Positioning and discursive psychology

While this view of positioning certainly connects with some of the central predilections of ethnomethodology, its fit within discursive psychology still deserves clarification, particularly since there are many varieties of DP. One variety of DP that has gained popularity for its discussion of ‘positioning’ is the early work of Davies & Harré (1990), but most notably Harré & van Langenhove’s (1999) edited book, Positioning Theory. Harré and colleagues offer positioning as an ‘immanentist’ replacement for a clutch of static, non-discursive, and overly-cognitive concepts like ‘role’, or role theory. They genuflect towards ‘positioning’ as a fluid, dynamic, and liberating alternative. Positioning is introduced as the vanguard for an immanent view of conversational action. Or, more precisely, they offer an ethogenic conception of positioning as the dynamic and ever changing assignment of rule-governed rights and duties (inherent in ‘story-lines’) among groups of social participants (see Varela & Harré, 1996).

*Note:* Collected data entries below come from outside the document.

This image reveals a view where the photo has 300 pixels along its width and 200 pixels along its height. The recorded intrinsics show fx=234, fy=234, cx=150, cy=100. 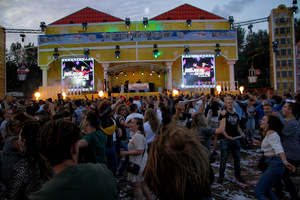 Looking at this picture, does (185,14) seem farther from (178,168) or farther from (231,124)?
(178,168)

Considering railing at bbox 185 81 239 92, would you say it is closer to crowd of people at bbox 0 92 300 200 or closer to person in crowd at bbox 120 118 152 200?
crowd of people at bbox 0 92 300 200

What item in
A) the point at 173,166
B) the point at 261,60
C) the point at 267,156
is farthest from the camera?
the point at 261,60

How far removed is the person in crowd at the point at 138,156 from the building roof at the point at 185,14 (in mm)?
23518

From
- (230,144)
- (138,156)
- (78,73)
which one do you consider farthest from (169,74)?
(138,156)

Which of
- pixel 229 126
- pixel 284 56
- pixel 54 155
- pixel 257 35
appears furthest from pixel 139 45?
pixel 257 35

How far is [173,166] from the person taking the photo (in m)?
1.50

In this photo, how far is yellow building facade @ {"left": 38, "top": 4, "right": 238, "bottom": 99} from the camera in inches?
883

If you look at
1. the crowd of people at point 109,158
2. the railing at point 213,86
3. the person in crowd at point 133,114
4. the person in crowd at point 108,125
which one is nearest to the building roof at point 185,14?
→ the railing at point 213,86

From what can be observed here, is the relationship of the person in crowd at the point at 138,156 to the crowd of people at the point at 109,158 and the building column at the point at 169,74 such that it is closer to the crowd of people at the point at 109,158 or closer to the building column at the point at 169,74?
the crowd of people at the point at 109,158

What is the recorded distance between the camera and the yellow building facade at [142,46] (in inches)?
883

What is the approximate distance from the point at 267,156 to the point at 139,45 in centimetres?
2060

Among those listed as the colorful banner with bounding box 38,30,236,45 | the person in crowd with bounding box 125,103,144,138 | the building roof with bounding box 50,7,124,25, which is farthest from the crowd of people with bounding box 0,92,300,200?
the building roof with bounding box 50,7,124,25

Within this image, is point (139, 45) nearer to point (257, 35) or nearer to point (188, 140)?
point (188, 140)

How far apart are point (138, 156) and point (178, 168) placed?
9.23 ft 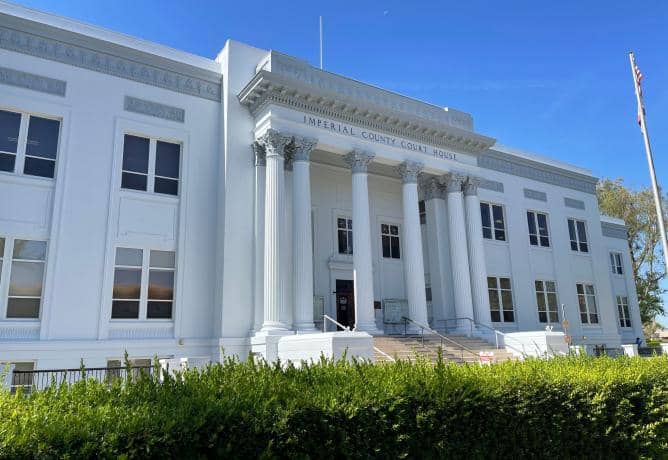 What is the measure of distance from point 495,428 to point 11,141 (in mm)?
17945

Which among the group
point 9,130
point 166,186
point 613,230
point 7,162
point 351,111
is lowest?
point 166,186

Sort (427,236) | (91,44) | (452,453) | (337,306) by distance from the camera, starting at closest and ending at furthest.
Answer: (452,453) → (91,44) → (337,306) → (427,236)

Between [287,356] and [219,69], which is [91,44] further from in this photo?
[287,356]

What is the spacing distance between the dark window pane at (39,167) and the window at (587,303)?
3043cm

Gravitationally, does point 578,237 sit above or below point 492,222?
below

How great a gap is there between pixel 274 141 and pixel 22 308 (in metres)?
10.6

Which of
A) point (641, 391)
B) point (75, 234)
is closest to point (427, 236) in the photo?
point (75, 234)

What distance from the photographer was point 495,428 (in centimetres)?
699

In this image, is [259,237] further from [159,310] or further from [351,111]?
[351,111]

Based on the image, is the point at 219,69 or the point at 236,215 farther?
the point at 219,69

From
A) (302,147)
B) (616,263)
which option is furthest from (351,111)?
(616,263)

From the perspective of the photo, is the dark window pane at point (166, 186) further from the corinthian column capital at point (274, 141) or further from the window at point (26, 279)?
the window at point (26, 279)

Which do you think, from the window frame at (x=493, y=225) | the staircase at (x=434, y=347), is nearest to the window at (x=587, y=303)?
the window frame at (x=493, y=225)

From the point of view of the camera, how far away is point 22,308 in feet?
54.9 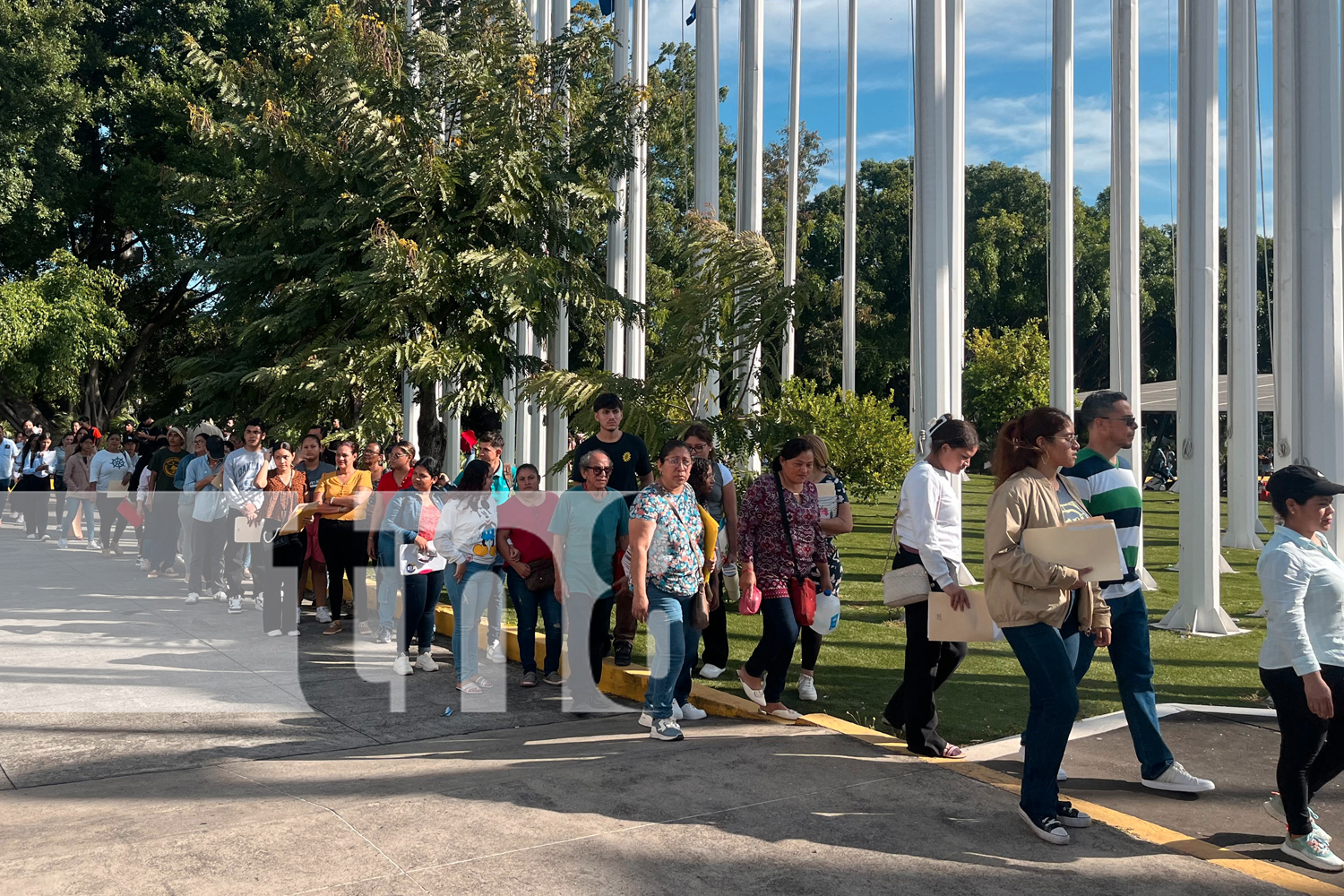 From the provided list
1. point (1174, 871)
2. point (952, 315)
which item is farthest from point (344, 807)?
point (952, 315)

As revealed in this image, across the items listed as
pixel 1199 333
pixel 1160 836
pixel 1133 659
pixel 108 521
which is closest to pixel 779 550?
pixel 1133 659

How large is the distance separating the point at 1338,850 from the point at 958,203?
33.2 feet

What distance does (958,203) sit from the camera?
1399cm

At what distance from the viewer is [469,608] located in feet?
27.2

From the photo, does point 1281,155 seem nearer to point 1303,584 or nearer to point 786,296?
point 786,296

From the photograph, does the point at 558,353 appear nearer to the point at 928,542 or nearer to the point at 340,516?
the point at 340,516

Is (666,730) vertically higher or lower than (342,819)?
higher

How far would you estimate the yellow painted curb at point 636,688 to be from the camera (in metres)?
7.29

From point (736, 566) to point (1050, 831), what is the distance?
302 centimetres

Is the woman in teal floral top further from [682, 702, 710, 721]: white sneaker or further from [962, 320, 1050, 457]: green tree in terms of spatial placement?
[962, 320, 1050, 457]: green tree

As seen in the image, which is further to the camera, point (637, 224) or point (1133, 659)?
point (637, 224)

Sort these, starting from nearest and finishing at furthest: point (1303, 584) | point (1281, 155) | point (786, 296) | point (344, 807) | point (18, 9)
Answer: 1. point (1303, 584)
2. point (344, 807)
3. point (1281, 155)
4. point (786, 296)
5. point (18, 9)

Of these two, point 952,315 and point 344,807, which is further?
point 952,315

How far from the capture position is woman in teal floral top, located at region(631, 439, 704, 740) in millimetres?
6617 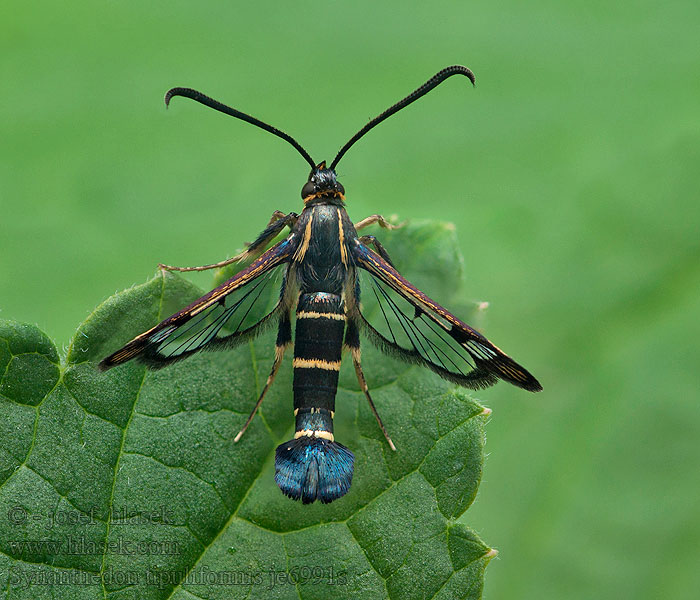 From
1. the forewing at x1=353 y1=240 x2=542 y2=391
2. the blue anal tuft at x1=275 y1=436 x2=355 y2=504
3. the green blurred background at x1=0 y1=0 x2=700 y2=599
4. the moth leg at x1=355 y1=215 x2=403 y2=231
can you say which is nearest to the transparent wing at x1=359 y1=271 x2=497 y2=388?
the forewing at x1=353 y1=240 x2=542 y2=391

This ethogenic conception of positioning is couched within Harré’s weaker version of social constructionism and his immanent conception of social representations. This view of positioning is at odds with the discursive psychological view of positioning that we are advancing. For starters, we question the place of ethogenics for discursive psychology (see Potter & Wetherell, 1987, 1998). Harré’s use of positioning works to extract from discourse sets of rules that people use. Although the knowledge needed to manage such rules is said to be immanent within the discourses themselves, Harré notes that rules are not reducible to the discourses (Varela & Harré, 1996). This seems to posit a kind of storehouse of social knowledge which enables acts of positioning to stand as indexes of the moral order. As Potter & Wetherell (1987) have argued, extracting ‘social rules’ from the construction or performance of them is problematic. It reifies the idea of ‘social rules’ and undermines the diachronic relationship between description and evaluation. In contrast, the version of DP being drawn on here argues that psychology’s traditional armamentarium of concepts be analyzed as topics that are attended to and managed in talk, rather than being resources that psychologists haul to the discursive scene. Discursive work ought to open up available rhetorical versions rather than tracing those versions back to the rules and norms that purportedly make them possible.

We also differ with the way Harré attempts to update the traditional view of social representations by fitting it with his view of the ‘discursive turn’. Although he treats social representations as immanent within social practices, the representations nonetheless maintain a kind of ‘cognitive ontology’ (Potter & Wetherell, 1987). We should note that the version of DP we are advancing here is not an ontological position. It is purely epistemological. As such, our version of DP parts company with Harré’s conceptualization of cognition. As alluded to above, we prefer to argue that ‘rules’, ‘beliefs’, ‘attitudes’ and everything concerning the ‘mind’ and ‘world’ are to be treated analytically as discourse’s topics and business (Edwards, 1997; Edwards & Potter, 1992; Potter, 1996; Potter & Edwards, 2003). They are the topics we construct and mobilize in our evaluations, event descriptions, and stories in order to get things done, especially our identities.